América Móvil’s Brazilian wireless unit, Claro, and Brazil-based Bradesco, one of the largest banks in Latin America, announced plans launch two mobile payment services in 2013. The solutions result from a joint venture the companies formed last year, named MPO (Mobile Payment Operator). Both products — a co-branded virtual wallet tied to a mobile line and a solution to enable transactions via near field communications — are in the development phase.
While service details remain scarce, the announcement can be considered big move forward for Brazilian mobile payments. M-payment services are being developed across Brazil, but several issues have delayed the process including policies and regulations as well as the development of a business model that fits all of the potential players, especially banks and carriers.

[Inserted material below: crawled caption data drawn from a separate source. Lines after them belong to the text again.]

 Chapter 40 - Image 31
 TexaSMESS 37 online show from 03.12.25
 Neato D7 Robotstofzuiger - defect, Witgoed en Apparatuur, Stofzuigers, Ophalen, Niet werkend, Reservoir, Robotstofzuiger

“We think the scenario is really propitious right now, since 46.8 million people do not have bank account and 83% of payments are in cash for under R$20 [$9.50],” said Carlos Zenteno, Claro’s president, during a meeting with journalists in São Paulo.
According to the latest numbers from Brazilian telecom regulator Anatel, Brazil ended October with 259.29 million mobile lines. Of those, 209.88 million or 80.9% were prepaid connections.

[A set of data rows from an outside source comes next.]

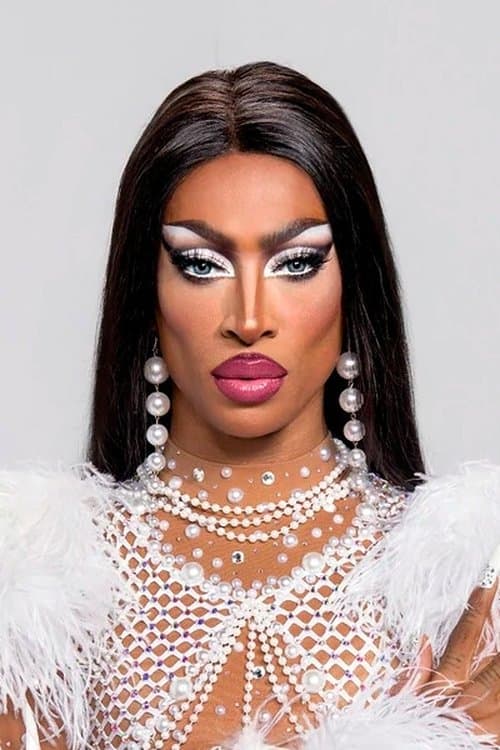 Photo of Tayce
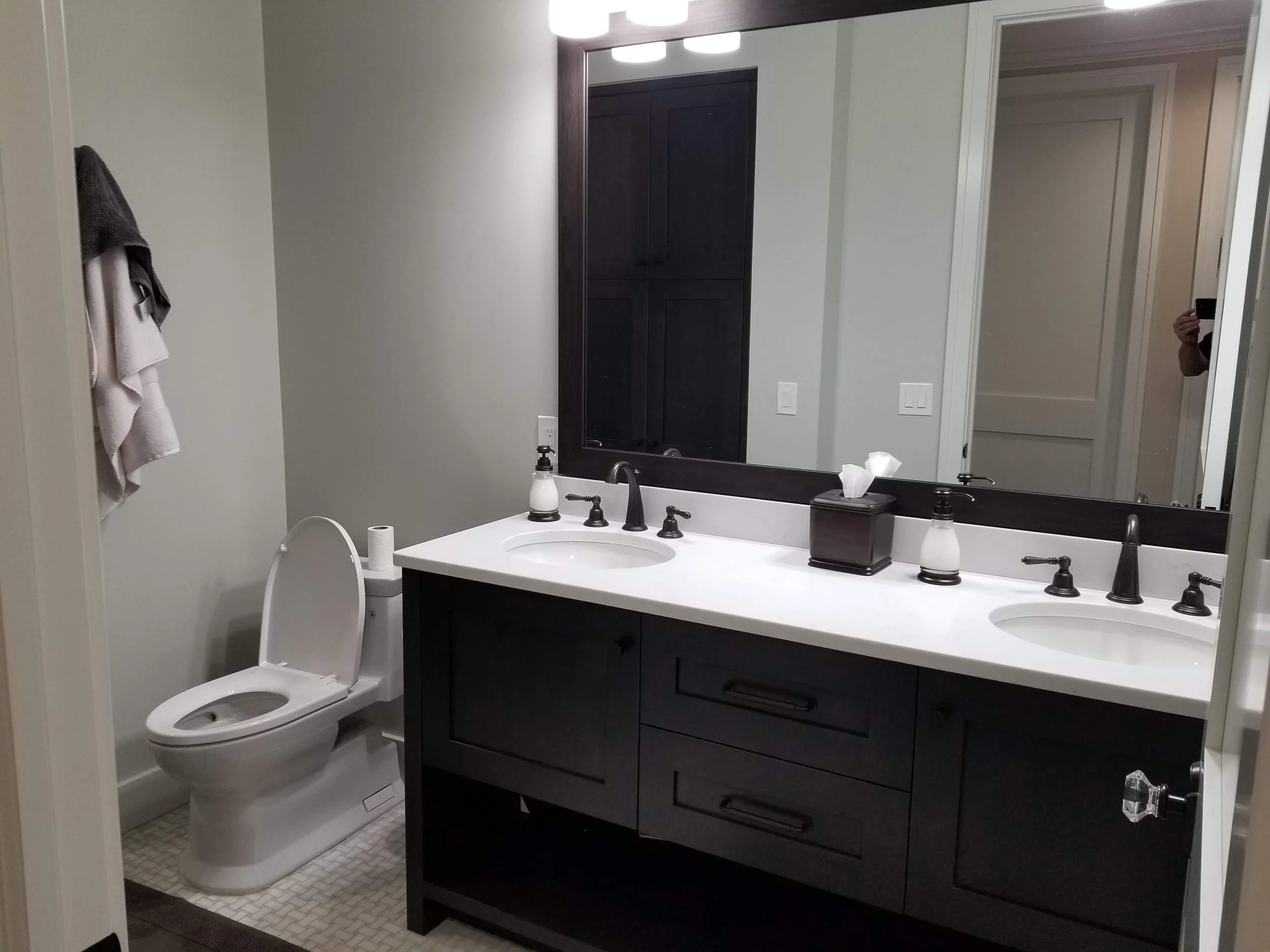 bathroom_20190115_115706.jpg
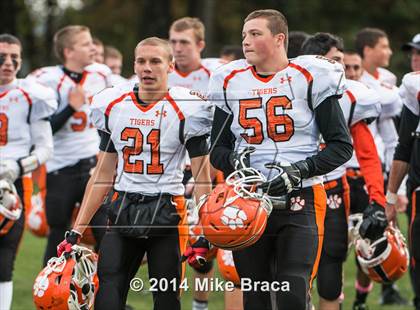Thumbnail 2 in Oliver Ames @ Sharon photogallery.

“Mobile phones are in everybody’s lives. Many people who do not have bank accounts have mobile lines,” said Bradesco executive director Candido Leonelli.
Bradesco director Márcio Parizotto also noted that policymakers were interested in this new technology. “There is a favorable government agenda to make m-payment work,” he said.

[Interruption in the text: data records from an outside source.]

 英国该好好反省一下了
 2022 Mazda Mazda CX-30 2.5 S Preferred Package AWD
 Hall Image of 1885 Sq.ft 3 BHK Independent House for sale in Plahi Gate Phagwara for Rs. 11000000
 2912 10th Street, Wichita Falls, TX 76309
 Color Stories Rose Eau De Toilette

Claro will be bring its knowledge of low-cost transactions to the products, and Bradesco will take care of the credit, financing and banking processes. The companies said they have conducted studies of their customer bases to identify common and target customers. During the press conference in São Paulo, company officials said a virtual wallet solution linked to mobile line services will launch by mid-2013, and NFC payments will launch in the second half of 2013.
The virtual wallet is a co-branded solution focused on people who don’t have bank accounts, especially those who own prepaid mobile phones. It will work the same way as a prepaid card, allowing customers to get cash from Bradesco’s ATMs, shop, pay bills, and transfer money to other Claro virtual wallet customers.
“Shopping or other financial transactions will be possible via SMS and/or USSD. It has to be simple and designed for feature phones to work,” said Fiamma Zarife, Claro’s director of value added services and roaming. However, customers can also request a physical prepaid debit card.
Under these terms, a key part to making this product work is enabling stores to receive payment via SMS or USSD. “About 300,000 merchants from Cielo [who currently manages the Visa merchant acceptance network in Brazil] will be ready to accept this,” said Parizotto.
Claro and Bradesco will split revenues from the joint offering.
The NFC solution, which the companies plan to launch by the second half of next year, will focus on clients with greater purchasing power — those who are able to purchase an NFC-enabled smartphone. “We are in talks with GSMA, who has an initiative with device manufactures to unveil a terminal with at an attractive price. GSMA is looking at 2014 FIFA World Cup to popularize NFC solutions,” said Claro president Zenteno.
During GSMA’s Mobile NFC event held earlier this year in São Paulo, the association said it was looking to show that NFC is moving from trials to its first commercial launches. Brazilian mobile network operators have carried out a number of trials with Banco do Brasil, Viva and Vivotech. GSMA’s NFC go-to-market program focuses on expanding collaboration, interoperability and ecosystem development.